Indian states are rolling out steps to counter the economic impact of lockdowns announced to slow the spread of the coronavirus. So far, at least six states have announced packages, relying on a combination of income transfers and food rations to provide relief to citizens whose earnings are at risk from the containment measures.

As of March 23, 415 confirmed cases of coronavirus have been detected in India, according to data from the Indian Council of Medical Research. In response, 75 districts have been put into lockdown by the central government until at least March 31, 2020. In addition, a number of states have announced severe restrictions on mobility and non-emergency businesses.

As such, the economic cost of fighting a spread of the virus is now rising.

Globally, countries have pledged nearly $2 trillion to as fiscal support to fight the virus, according to Bloomberg. Prime Minister Narendra Modi in an address on Thursday announced that an economic task force would be constituted under Finance Minister Nirmala Sitharaman to consider steps needed to counter the income loss being faced by businesses and citizens.

In the meantime, state governments have stepped in with a mix of advance pension payments, minimum income transfers, free meals and ration, among other measures. Measures announced by states so far are detailed below.

Spending Relief: States Vs Centre

States taking the initiative is exactly what we want at this juncture, said Indira Rajaraman, member of the Thirteenth Finance Commission and Reserve Bank of India chair at National Institute of Public Finance and Policy.

There can be no national uniformity on what is needed, said Rajaraman, adding that the appropriate interventions will vary widely based on population density.

The fiscal architecture, as it currently stands, does enable states to fight the pandemic, up to a point, said Rajaraman, adding that funds are available through the States' Disaster Relief Fund for fiscal cover.
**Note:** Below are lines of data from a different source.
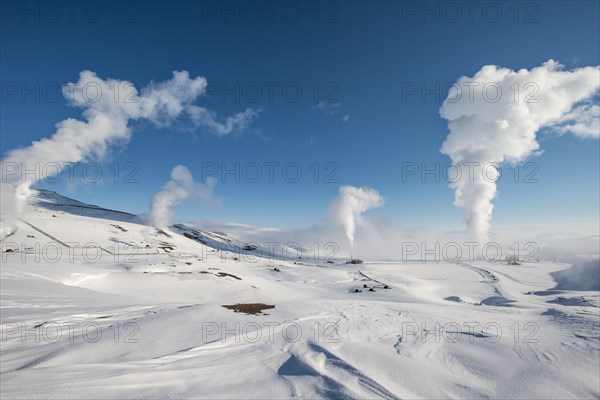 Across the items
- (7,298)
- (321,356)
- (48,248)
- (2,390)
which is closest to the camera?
(2,390)

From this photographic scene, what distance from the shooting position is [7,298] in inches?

While data on claims made so far is not available in the public domain, once the state relief funds are exhausted, they can also apply for funds from the National Disaster Relief Fund, she explained.

States which respond immediately are less likely to need nationally funded relief later, Rajaraman said.

The centre will eventually need to step in, said Govinda Rao, member of the Fourteenth Finance Commission.

So far, states with more exposure to the rest of the world are worse off. But as all states begin to see an impact, any stimulus will have to cater to the country at large, Rao said.

The fiscal deficit of states such as Kerala, Uttar Pradesh, Maharashtra, etc, is already close to breaching the 3 percent target mandated by the FRBM Act. State borrowings are limited by the centre and, as a result, the extent of stimulus they can give is also likely to remain limited, Rao said.

“Substantial stimulus will have to come from the centre,” Rao added.